Ik bewonder hoe "Tuin, as" ruim baan geeft aan volkomen ongeremde fantasie, en hoe die fantasie ingezet wordt als ketters protest tegen de gangbare scheppingsverhalen en tegen de naargeestige realiteit van de jaren rond 1942-1943. Die fantastische passages doen mij bovendien sterk denken aan mijn held Bruno Schulz. Want ook bij Schulz werd fantasie en droom ingezet als ketters protest tegen de al te eenvormige wereld die wij menen te zien, en Kis neemt dat protest op briljante wijze over.

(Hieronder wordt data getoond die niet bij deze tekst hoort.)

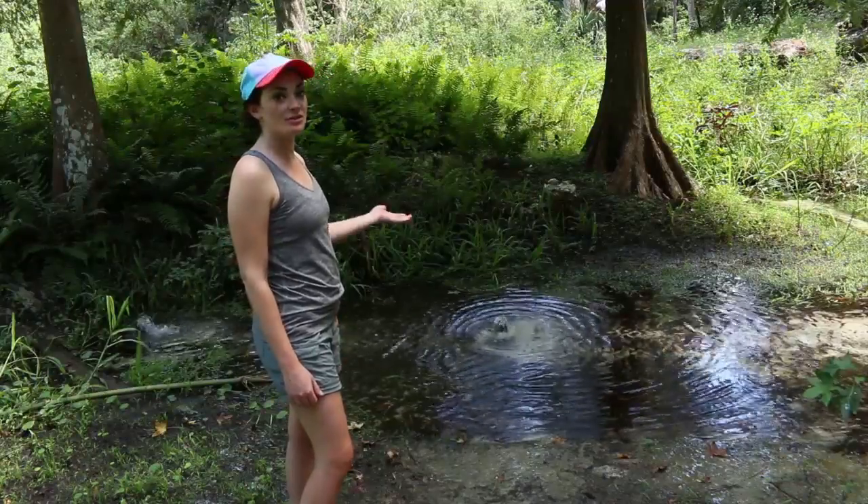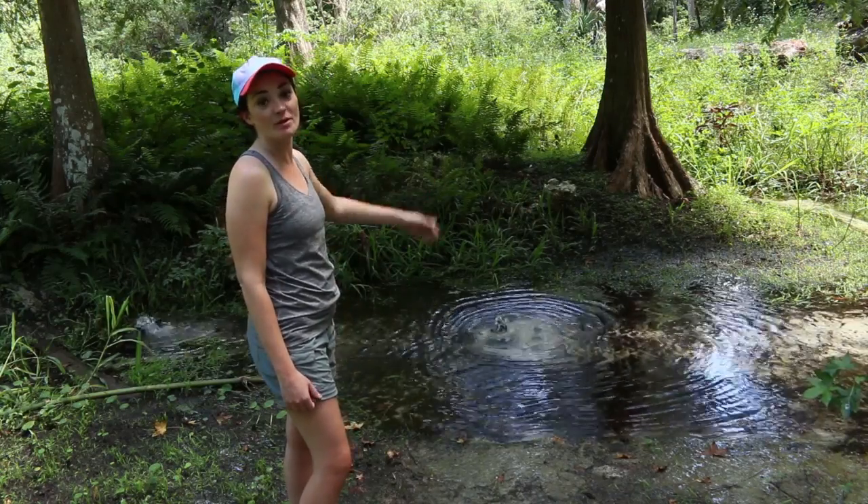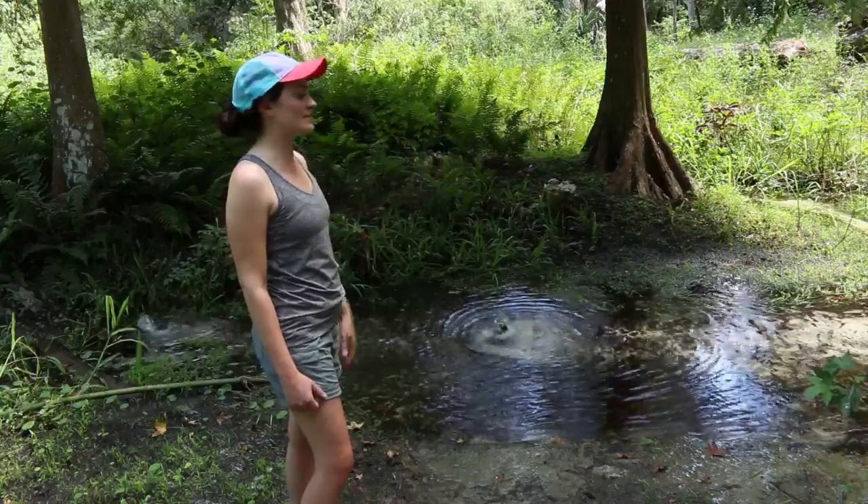We made it to the bottom of the ravine trail, and as you can see there's lovely groundwater flowing up to the surface. And it's really cool because there's even minnows swimming inside of the water stream.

Zodat de wereld van Kis net zo veelvormig, veranderlijk, grillig en onuitputtelijk rijk is als die van Schulz. En in net zo'n grandioze stijl is beschreven. Bij Kis echter kiert tevens overal het besef doorheen van sterfelijkheid, vergankelijkheid, de onverbiddelijke teloorgang van alles. En dat geeft nog veel extra schrijnende diepte aan deze toch al zo rijke roman. Ja, Kis is een begaafd illusionist en demiurg, die de hele wereld herschept in prachtige, betoverende en adembenemende droombeelden. En dat bewonder ik. Maar in die droombeelden verbeeldt hij tegelijk onze enorme nietigheid, en richt hij een ongelofelijk origineel monument op voor zijn in Auschwitz vergaste vader. Wat tevens een monument is voor een nietig mens, en voor de vele nietigheden van zo vele nietige levens. Dat monument wordt bovendien opgericht in zinnen vol van zinderende pracht en verbluffende originaliteit. En dat alles bewonder ik echt mateloos.
Kortom: ik jubel, ik sta paf, en ik ben flabbergasted. Dus begin ik meteen aan "Kinderleed", het volgende deel van deze prachtige trilogie.